Your instructions
Extract the line that contains "Kind People T-Shirt" and every line after it through the end of the records below, exactly as written, leaving out any pictures.

Web page caption snippets:
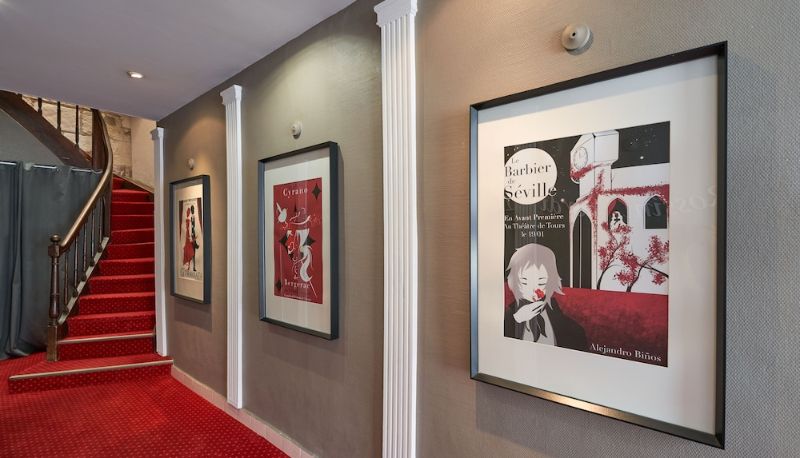 Reception - Hôtel du Théâtre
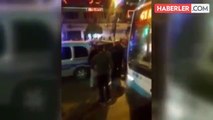 Kafeyi Basan Suriyelileri Linç Edilmekten Polis Kurtardı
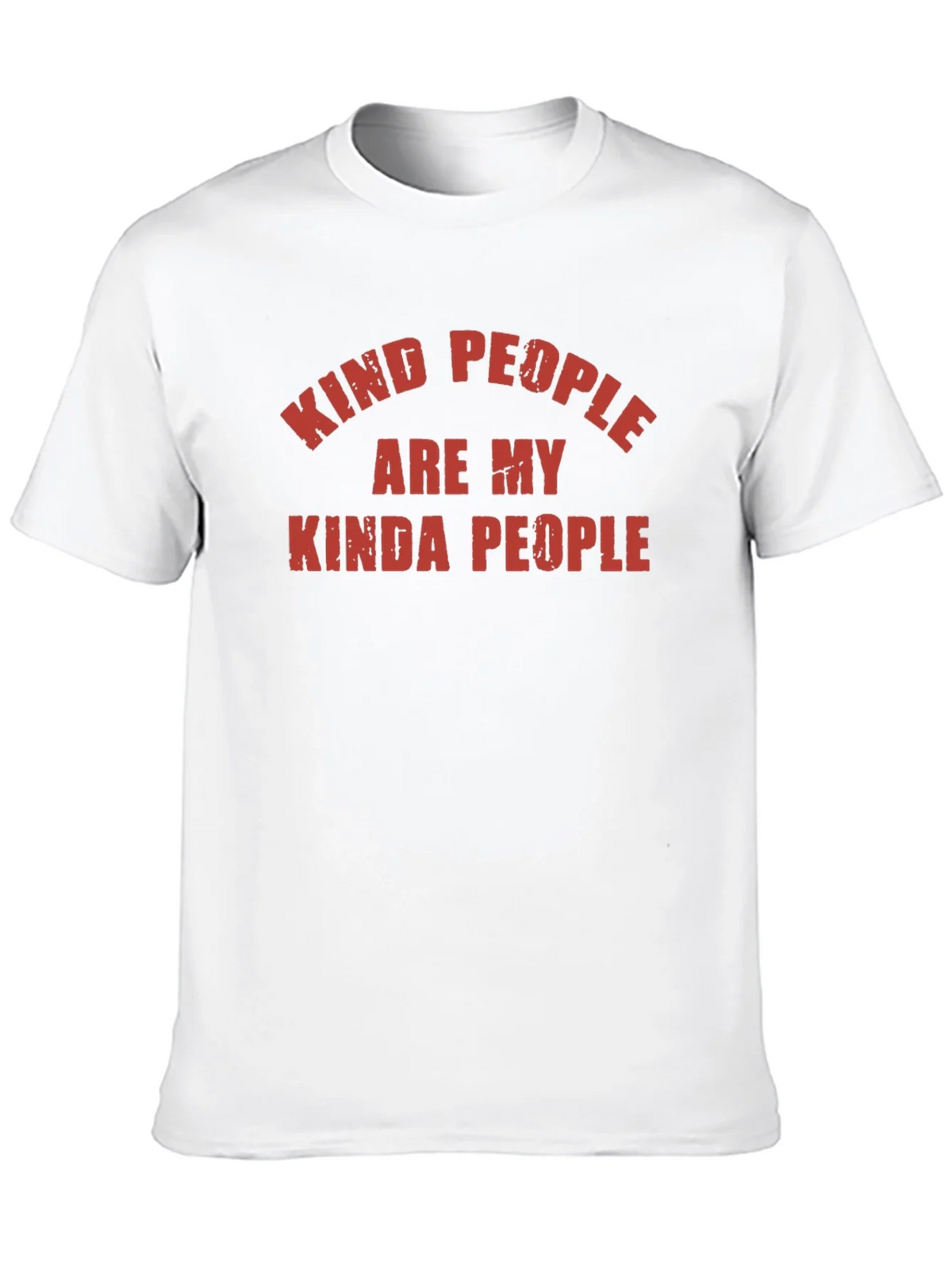 Kind People T-Shirt - Trendy Graphic Tee product image 3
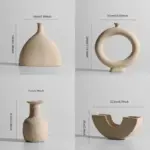 Homeko_Minimalist_Ceramic_Vases_and_Candle_Holders_-_-4264948 Homeko Minimalist Ceramic Vases and Candle Holders
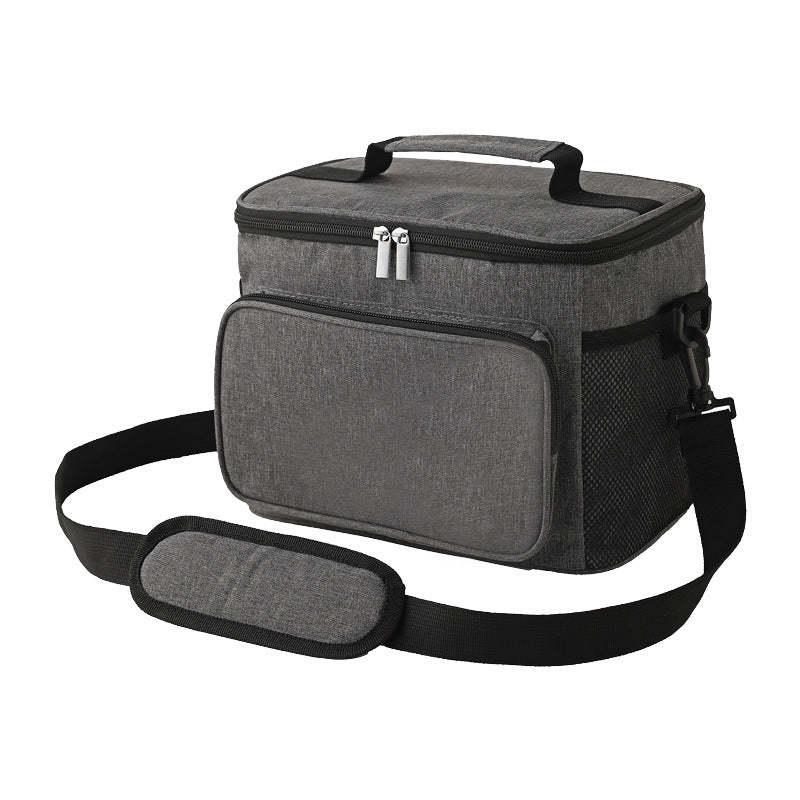 Women’s cooler bag with insulated function and adjustable shoulder strap LoungeYard — product view 1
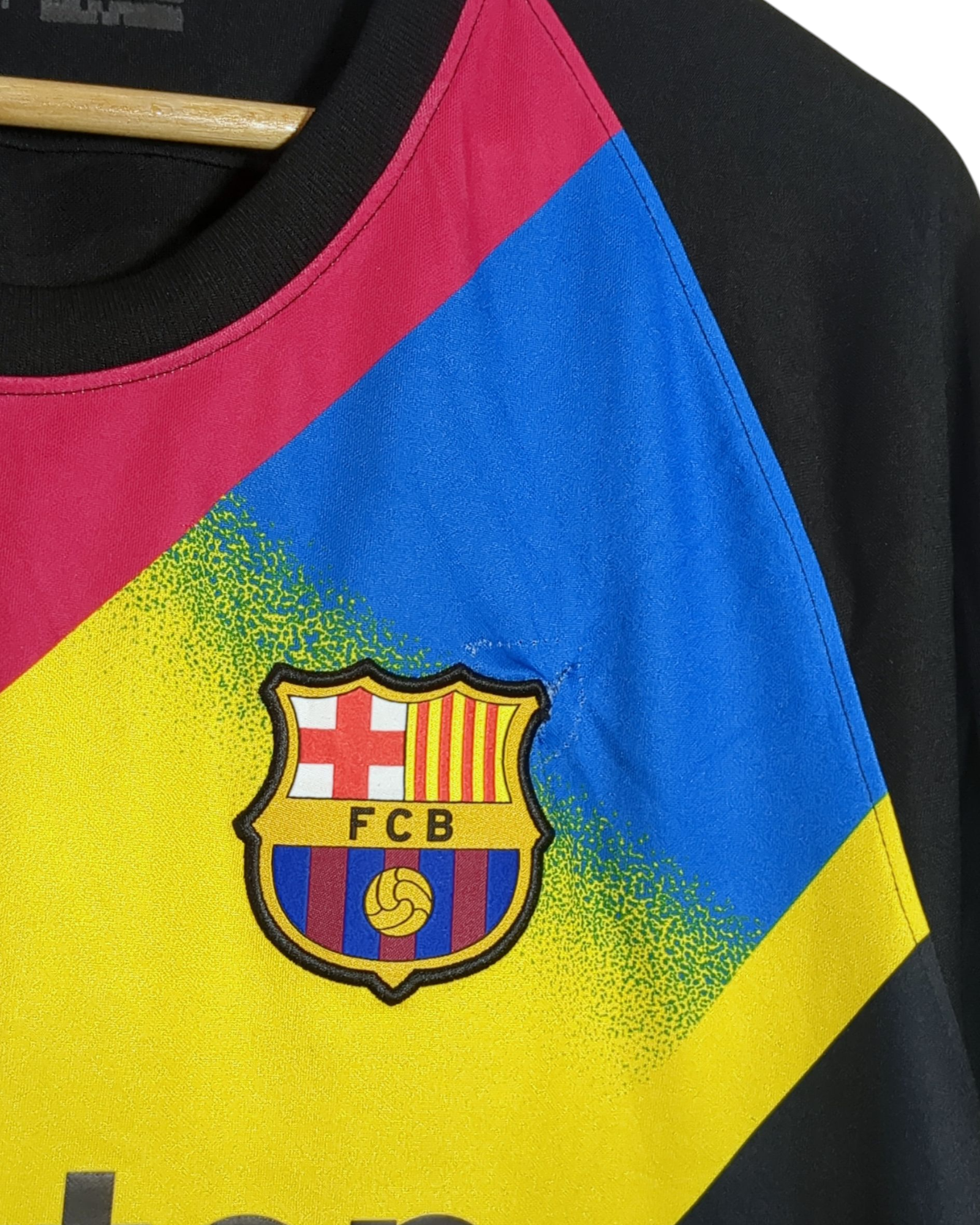 2019-20 Barcelona Nike Goalkeeper L/S Shirt - (XL)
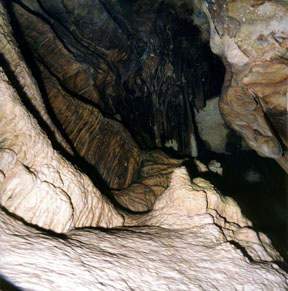 Lehman Caves Flowstone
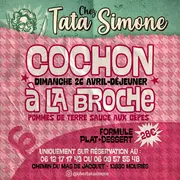 Déjeuner festif Chez Tata Simone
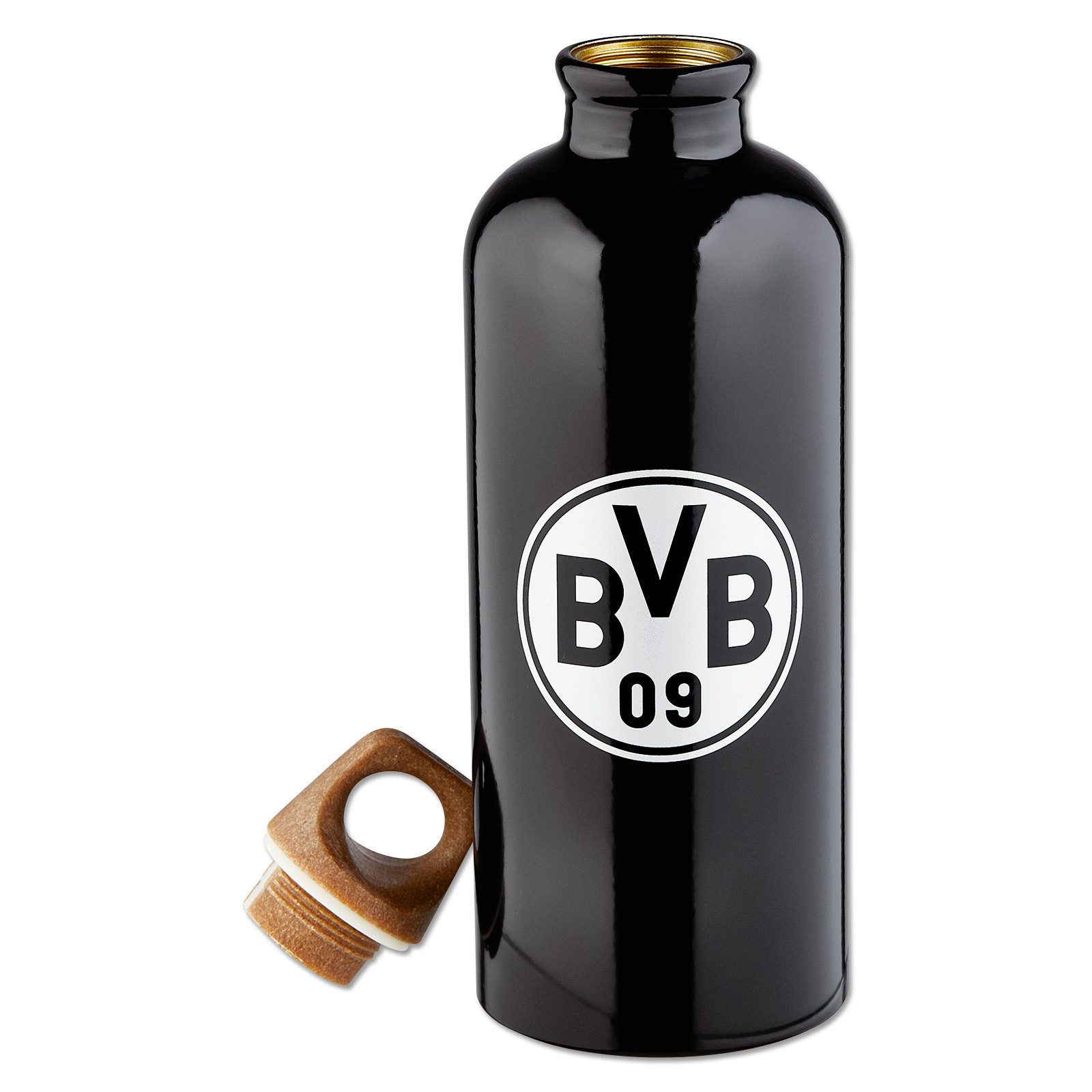 BVB Trinkflasche BVB SIGG Trinkflasche schwarz 0,6l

Written solution
 Kind People T-Shirt - Trendy Graphic Tee product image 3
 Homeko_Minimalist_Ceramic_Vases_and_Candle_Holders_-_-4264948 Homeko Minimalist Ceramic Vases and Candle Holders
 Women’s cooler bag with insulated function and adjustable shoulder strap LoungeYard — product view 1
 2019-20 Barcelona Nike Goalkeeper L/S Shirt - (XL)
 Lehman Caves Flowstone
 Déjeuner festif Chez Tata Simone
 BVB Trinkflasche BVB SIGG Trinkflasche schwarz 0,6l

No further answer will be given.